The park on Little Kinmen, also known as Lieyu (烈嶼), the second-largest island in the county, has drawn thousands of visitors since it opened in the middle of last year, the Lieyu Township Office said.
The opening of the park came as the military continued its campaign to remove all remaining mines in Kinmen and clear the county of land mines, said Hung Jui-hung, the office’s tourism section chief.
“This is the first park in Kinmen that features land mines,” he said.
The mines will be cleared away completely, but the park would preserve “a special part of Kinmen’s history,” he said.
The park includes a tunnel where a variety of land mines and warning signs, along with information on the demining process and hundreds of mine fields in Kinmen, are displayed, Hung said.
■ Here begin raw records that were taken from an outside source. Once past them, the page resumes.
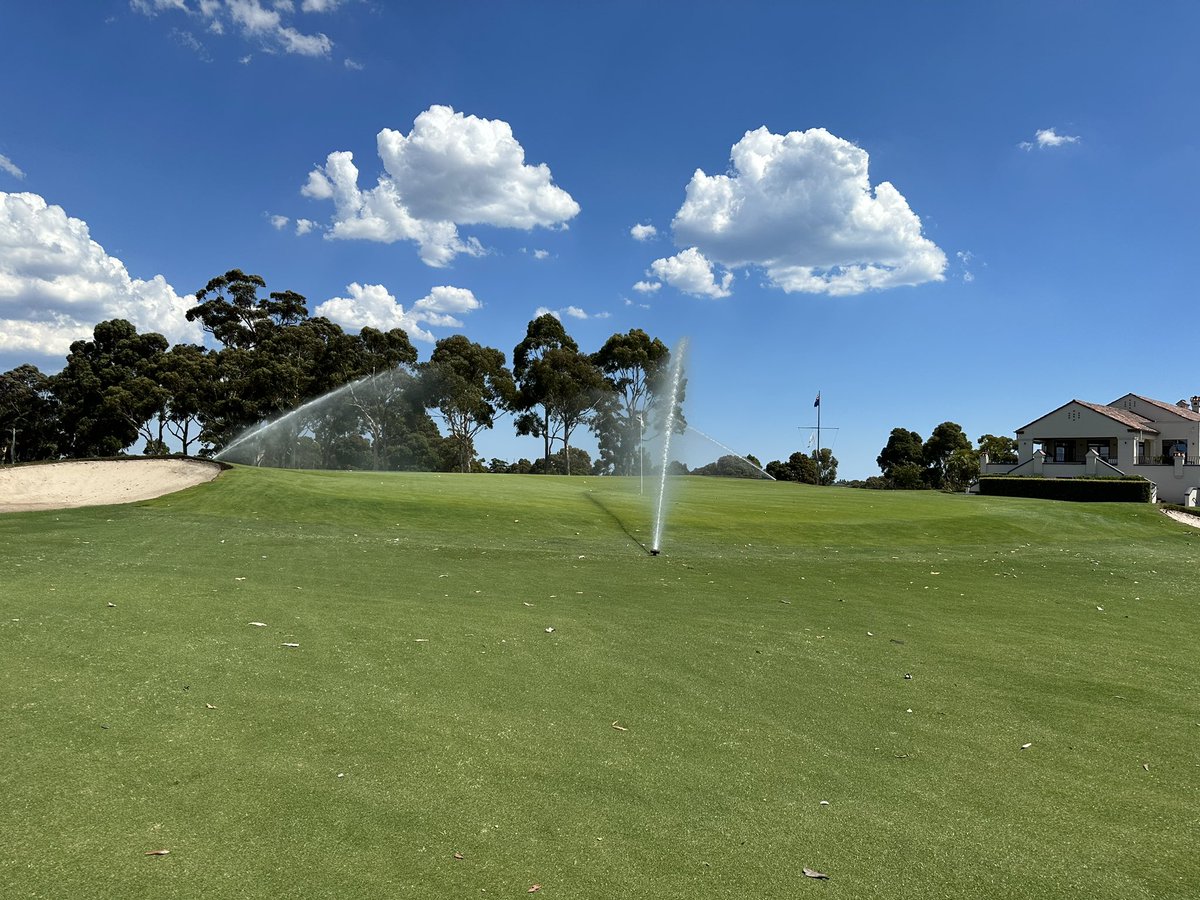 Clint Raven (@clintraven2) on Twitter photo Love it when a good pow wow comes out on top. With our new Rainbird IC irrigation system, we have started putting in a north wind green head 👍🏻(winning today!) <a href="/toffaallan/">Chris Allan</a> <a href="/wolopaul/">Paul Woloszyn</a> #victorianturfandirrigation #Rainbird #irrigation <a href="/YarraYarraGolf/">YarraYarra Golf Club</a> Love it when a good pow wow comes out on top. With our new Rainbird IC irrigation system, we have started putting in a north wind green head 👍🏻(winning today!) <a href="/toffaallan/">Chris Allan</a> <a href="/wolopaul/">Paul Woloszyn</a> #victorianturfandirrigation #Rainbird #irrigation <a href="/YarraYarraGolf/">YarraYarra Golf Club</a>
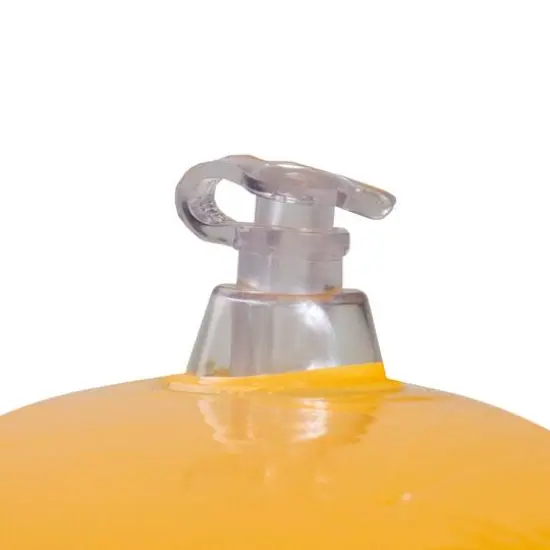 Swim Central 2.9ft. Inflatable Vibrantly Colored 6-Panel Splash & Spray Ball {6}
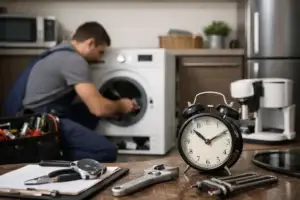 How Long Repairs Take for Home Appliances | SERVOFLEX | SERVOFLEX How Long Repairs Take for Home Appliances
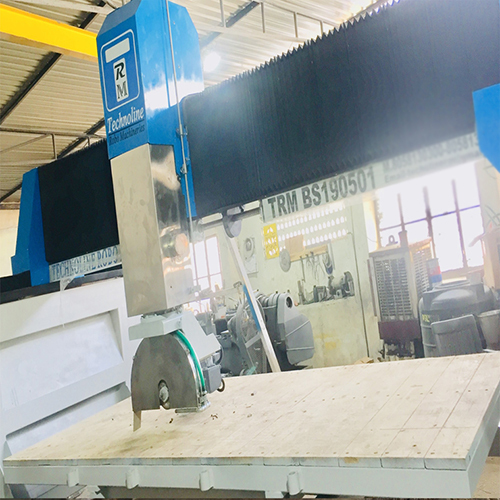 CNC Bridge Saw Machine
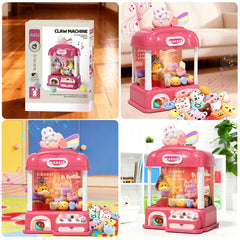 Aiqi claw machine includes 25 game coins to start competition.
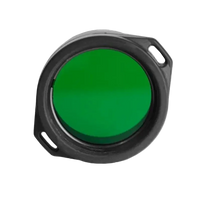 Armytek Green Filter AF-39 Predator/Viking - Πράσινο Diffuser Φακού Τακτικού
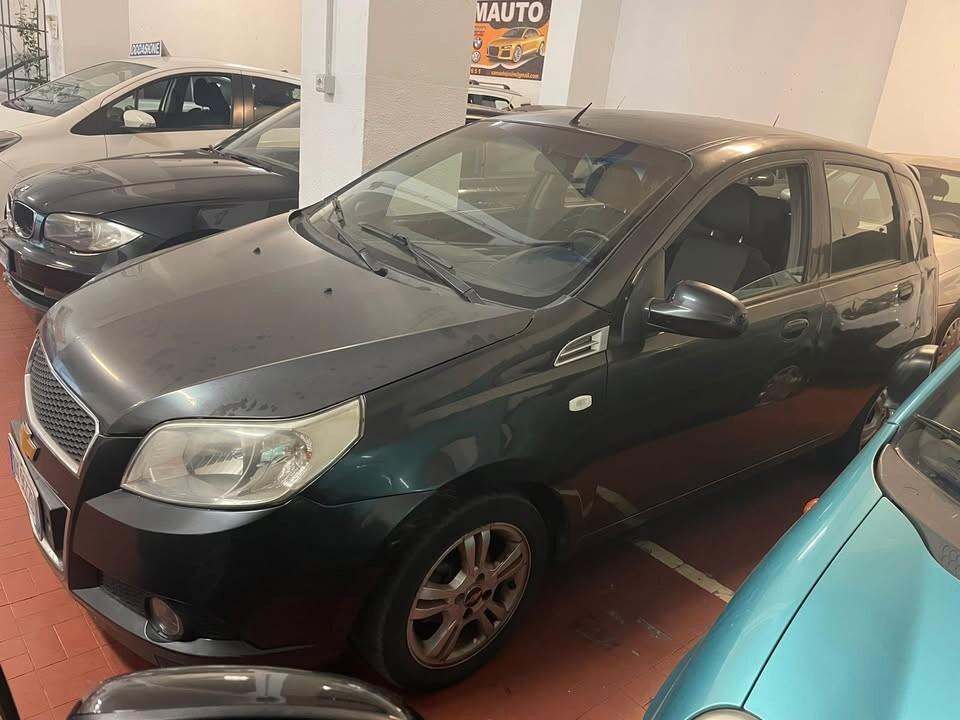 Chevrolet Aveo 1.2 5 porte L GPL Eco Logic
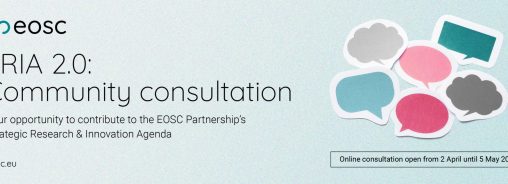 EOSC SRIA 2.0: – Konsultacje społeczne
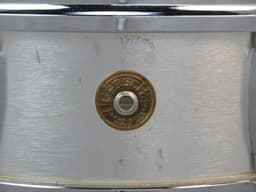 Gretsch Model 4106, 5 x 14 Brushed Aluminum Snare Drum 1960's Serial #96867 Gretsch Model 4106, 5 x 14 Brushed Aluminum Snare Drum 1960's Serial #96867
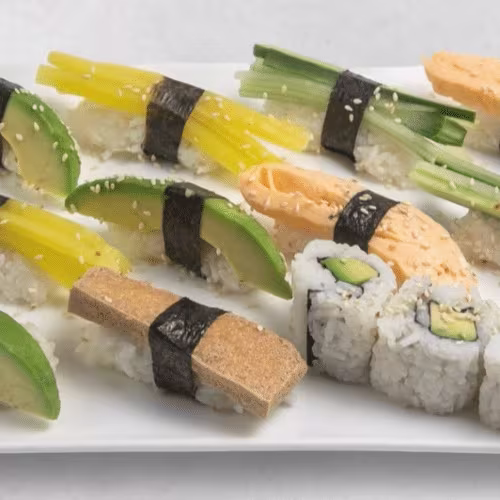 Vegetarische Sushi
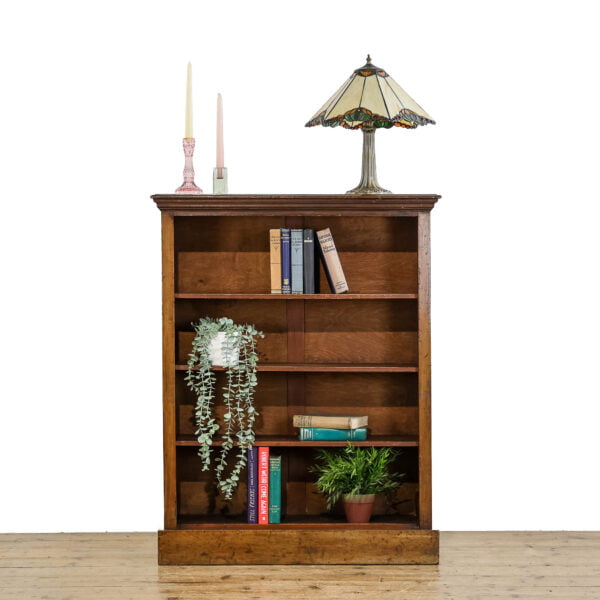 M-5109 Small Antique Edwardian Mahogany Bookcase Penderyn Antiques (1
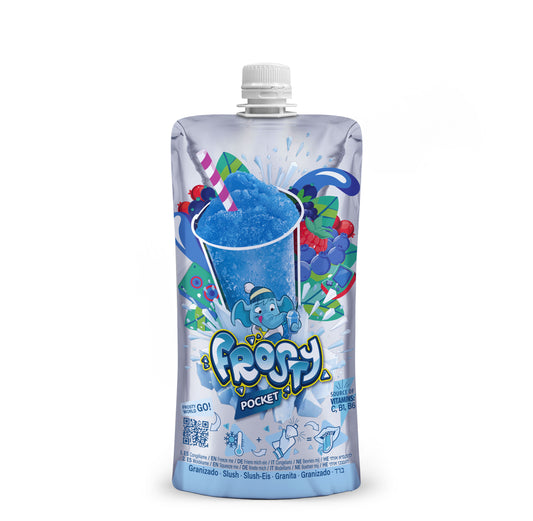 Frosty Pocket Slush Multifruit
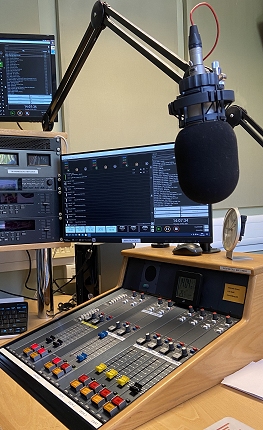 Radio Training with LCR FM 103.6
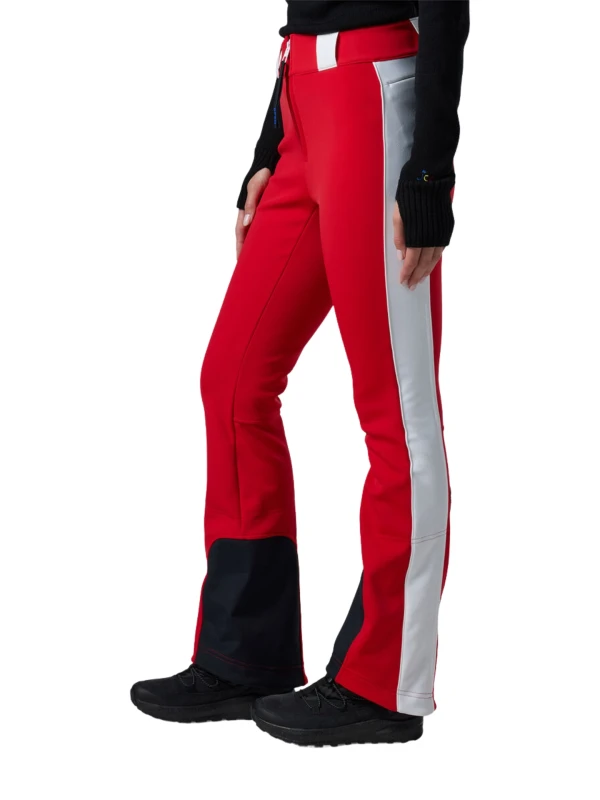 Spodnie narciarskie damskie Rossignol JCC Softshell Red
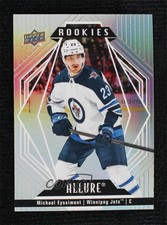 2022-23 Upper Deck Allure Rookies Michael Eyssimont #107 0u2j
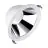 Ledvance Downlight LED Comfort High Efficiency D Aluminium Blanco 25W 3625lm 55D - 840 Blanco Frio | 215mm - Recorte 200mm - Dali Regulable
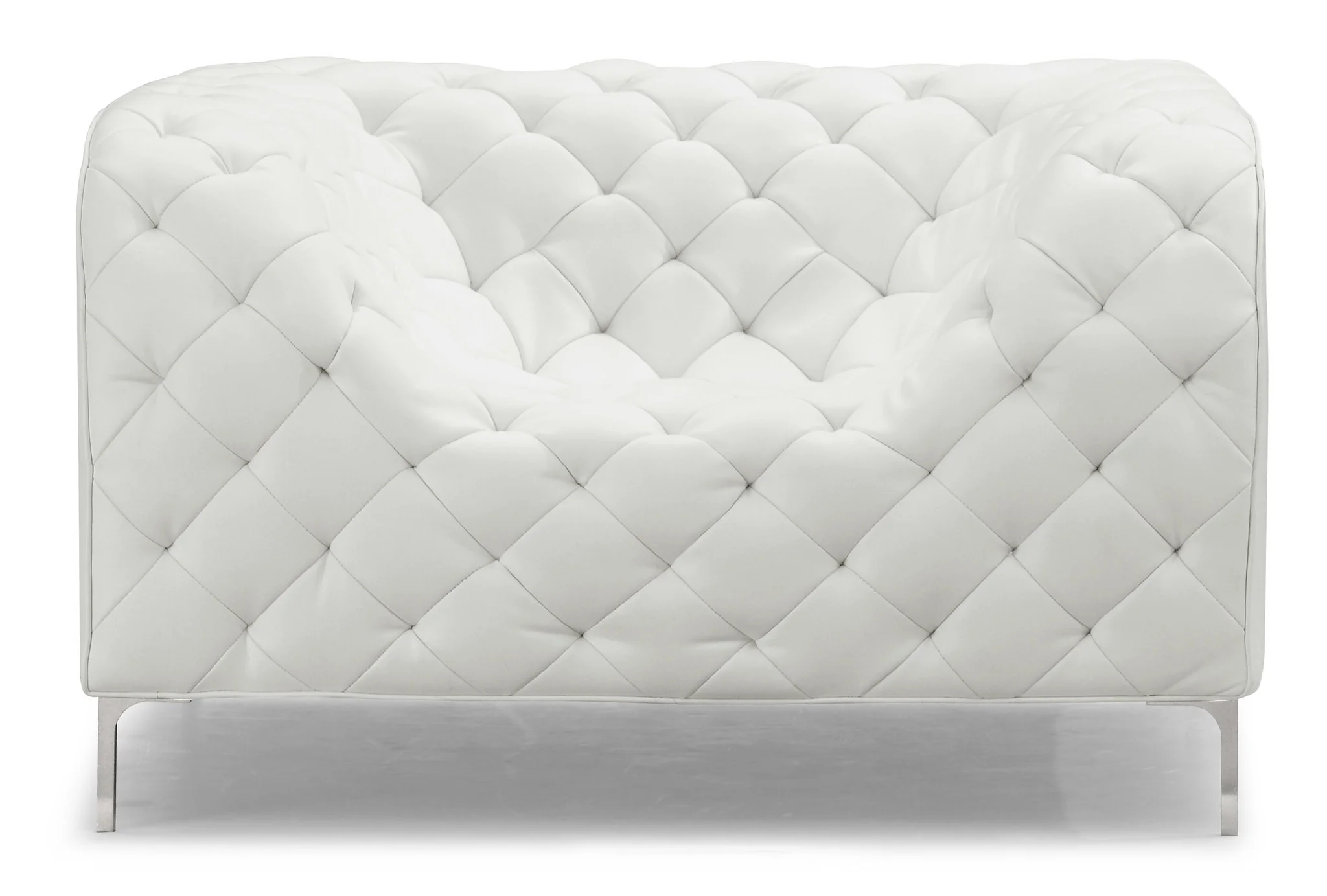 Plainville Arm Chair White - Image 3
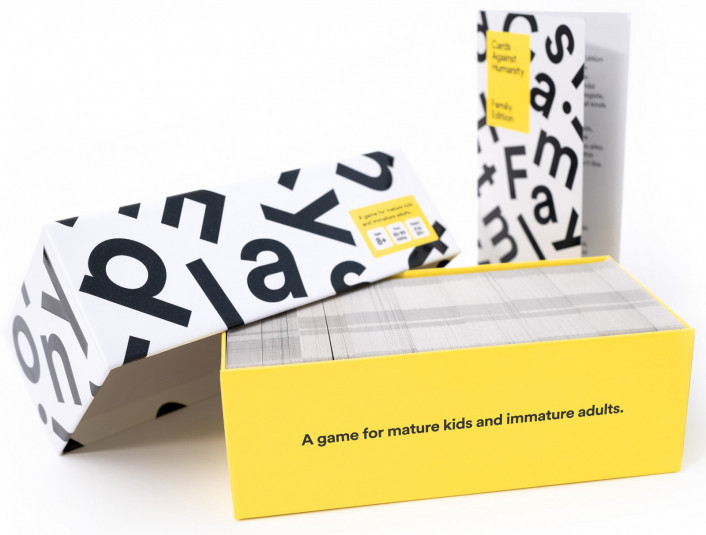 Cards Against Humanity : Family Edition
Outside the tunnel, there is an area that features a mock crew demonstrating every step in the dangerous task of removing land mines.
The demining work, began in 1998, continues to this day and could be completed by the end of this year at the earliest, Ministry of National Defense spokesman Major General David Lo (羅紹和) said.
Tens of thousands of mines were deployed around Kinmen County when it was under constant military threat from China during the Cold War.
As tensions between Taiwan and China eased, the county looked to capitalize on its disused military hardware and former battlegrounds by transforming itself into a “park in the war zone.”
When martial law was lifted throughout Kinmen County and some of its islands were demilitarized in 1992, tourists started to descend on Kinmen’s main island.
Top tourist destinations there now include the Guningtou Battle Museum, the August 23 Artillery Battle Museum and many military tunnels.
The Cabinet is also reviewing a plan to open Dadan (大膽) and Erdan (二膽) islets, which remain under military control, to tourists.
Kinmen County Commissioner Li Wo-shi (李沃士) said in February that the county government would this year begin planning the construction of a harbor on Dadan as part of a strategy to take over jurisdiction from the military within three years.
No civilians currently live on Dadan or Erdan, which lies about 4km from Xiamen on China’s southeastern coast. The two islets also served as frontline military outposts during the Cold War.
The number of tourists visiting Kinmen County has been on the rise in recent years and reached a record 1.265 million last year, the county government said.